Jenny Morber is a science writer whose work has appeared in National Geographic, Slate and elsewhere
Like most of us in 2019, I am busy. Days can feel like a race to complete an always-accumulating list of now, soon and must-do-sometime tasks for my business, my kids, my animals, my home, my relationships, my community, my parents and my health. There is always, always something to do.
But recently, my dog had surgery. It’s tough to put an animal under the knife. You can’t get consent or explain why you are causing them pain, and that it is temporary.
And because of this – because during recovery Mackie was wobbly and slow and needed comfort – I found myself sitting next to him in the clover, facing out over my garden. As I looked around I saw work to be done. I saw invading weeds and thirsty plants and garden tools that have been sitting out for a week. I remembered the things that needed wiping down, the messages that needed to be sent, and wondered if any editors had gotten back to me about new story ideas. But I also knew that if I got up, Mackie would get up, and getting up would cause him pain. So I stayed. Just sitting. And it was beautiful.
We sat there for a long time. I wanted my phone. Slowly, my mind calmed and I began to notice things.
I noticed the insects at their work. Butterflies, honey bees, bumbles, mason bees, wasps, hornets, moths pretending to be bees and moths unashamed of being moths extended their long tongues and pressed them into flowers like a kid with a thick milkshake. Did you know that clover is not a single flower, but a group of fingerlings? I had forgotten.

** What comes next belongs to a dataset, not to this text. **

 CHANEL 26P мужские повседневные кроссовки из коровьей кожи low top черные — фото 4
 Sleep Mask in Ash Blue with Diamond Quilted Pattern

Sometimes a bee or butterfly hopped from one sort of flower to another. Sometimes it focused on a single source. Some blooms it quickly rejected, and from others, it deeply drank. Later another insect would find the rejected bud interesting, but ignore its predecessor’s favourite. There seemed to be no pattern. Was the nectar used up? Was it preference of taste? What does anything taste like, to a bee?

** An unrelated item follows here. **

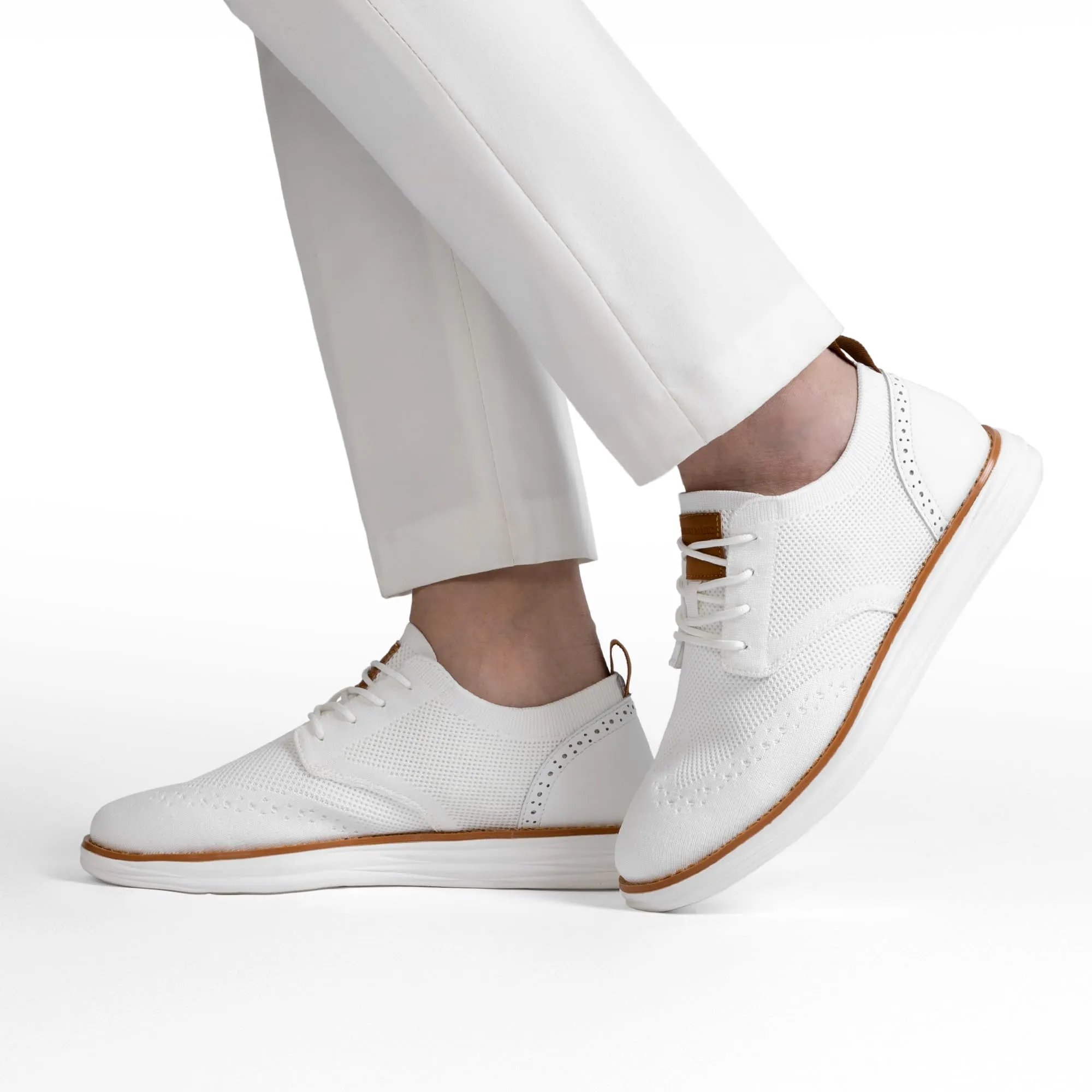 Bruno Marc Men's KnitFlex Craft Mesh Oxfords Sneakers Casual Dress Lace-Up Lightweight Walking Shoes,Size 10.5,White,SBOX2406M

I ran my hand down Mackie’s velvety fur. I felt the sun-warmed grass underfoot, soft and prickly.
I noticed the sound of the wind. A rush of transparent molecules rubbing against a million points of bark and leaf created a sound like a powerful exhale. It began as a whisper, built into crescendo, dissolved and began again. The sound lagged the movement, a whooshing cascade. I watched it transfixed.
Matching my breath to the tempo, I realized it mirrored the meditations my son uses to quiet himself for sleep: in for six, hold for four, out for six. Scientific studies have found that living near water, listening to the ocean or even just picturing a large body of water can increase happiness and reduce anxiety. Perhaps it is coincidence, but I think not, that the wind sounded like water, and the waves like slow breathing.

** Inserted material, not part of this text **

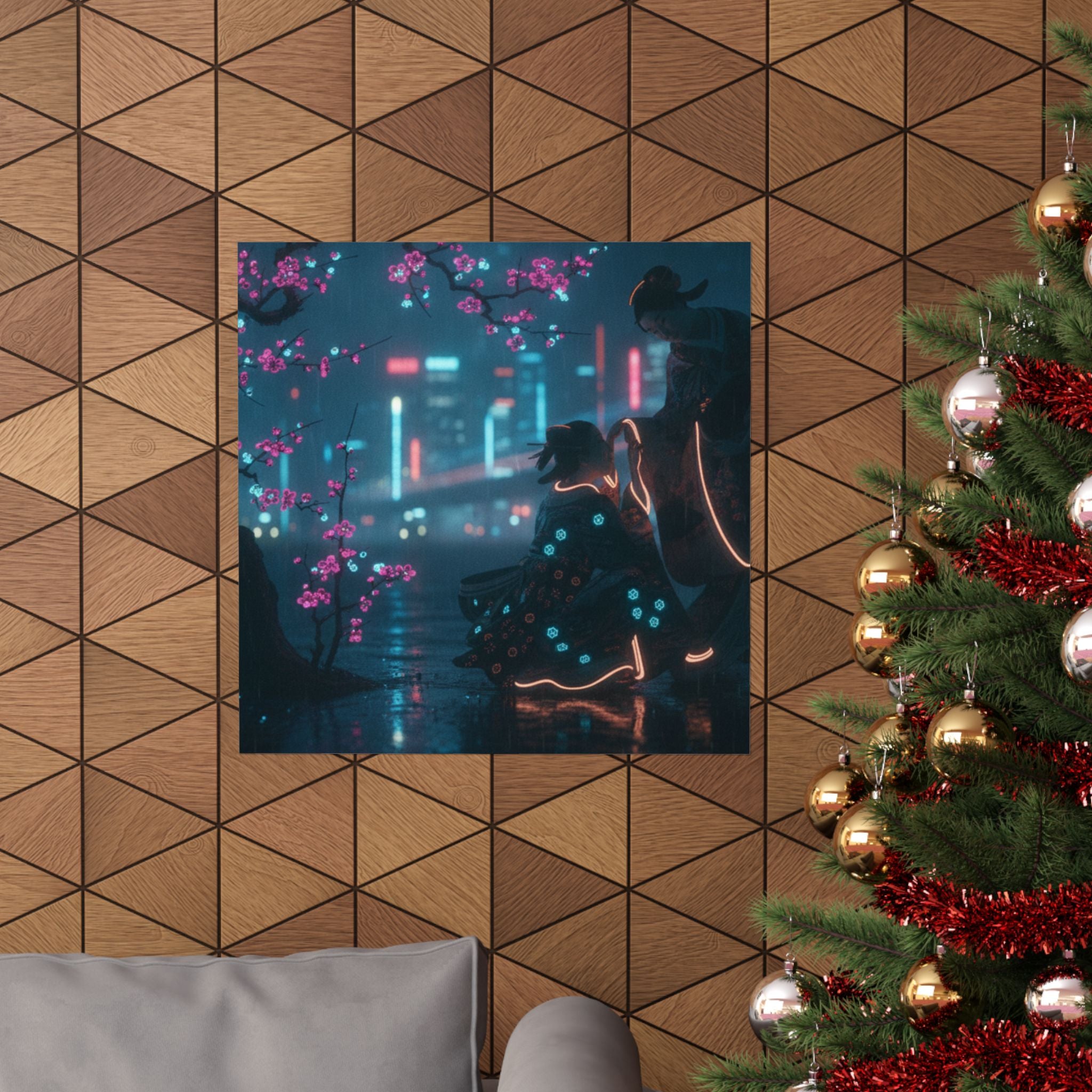 Neon Noir — Two Girls Under Plum Tree — Matte Poster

Mackie’s nose twitched. I inhaled, too: scents of grass, dirt, cedar, salt water, wet cement, clover, wood stain, rotting algae, jasmine. I felt jealous, knowing he was getting a richer bouquet.
Around the trees the birds called and flew. Some scientists remain skeptical, but I think birds have true language. There are clear differences in calls of greeting, alarm, aggression and GOODMORNINGIMNOTDEAD! And that’s from just a casual listen.
This day, as I watched the chickadees, robins, hawks and eagles flap and soar, I wondered what it felt like. Does air feel “thicker” to a bird than us in the same way that water must feel less cumbersome to a fish? I decided it must. It would be useful for a bird to sense the texture of air, like we do the ground, as spongy or gritty or uneven. And if that is true, what must it be like for the fish to break through the water’s surface into the relative vacuum of a single atmosphere? It must feel like weightlessness. Like space.
I thought about this for a few seconds or several minutes. I lost time. How good I felt, just sitting. The space to have these thoughts, to notice, to imagine was something I haven’t enjoyed, with a few exceptions, since childhood. It was thrilling.
In Round of a Country Year: A Farmer’s Day Book, a beautifully written account of four seasons on a farm in Ohio, author David Kline mentions ending the day on the front porch with his wife, just sitting. There was a time when many of us did this, I think, but at least where I live houses do not feature front porches. Instead, ours has an electronic doorbell that allows us to talk to visitors through our phones in the bathroom, or a hundred miles away. “Welcome,” the sign on the front stoop says. “I don’t want to see you,” the bell says.
I have never yearned for the work necessary to run a farm. But to be able to observe things such as “Every summer, a single monarch butterfly comes to that same branch of the maple tree for the night” feels different from “Every evening, I drink some wine and answer 50 e-mails,” doesn’t it?
Just sitting is something I think we are forgetting how to do. I know I am. I have more than once lost half an hour on my phone, finally coming up for air to wonder what I was doing. Afterward, I am irritated, depressed. It feels terrible, like part of me is drowning.
I do not suggest that we should all quit our jobs and buy a farm or spend all day outside staring at the sky. But an hour here or there spent just sitting is a delicious gift we should serve ourselves more often. It is good for us to notice, to imagine, to lose time, to let our minds out for a walk, whether or not we have a convalescing dog to share it with.
Mackie, by the way, is doing just fine.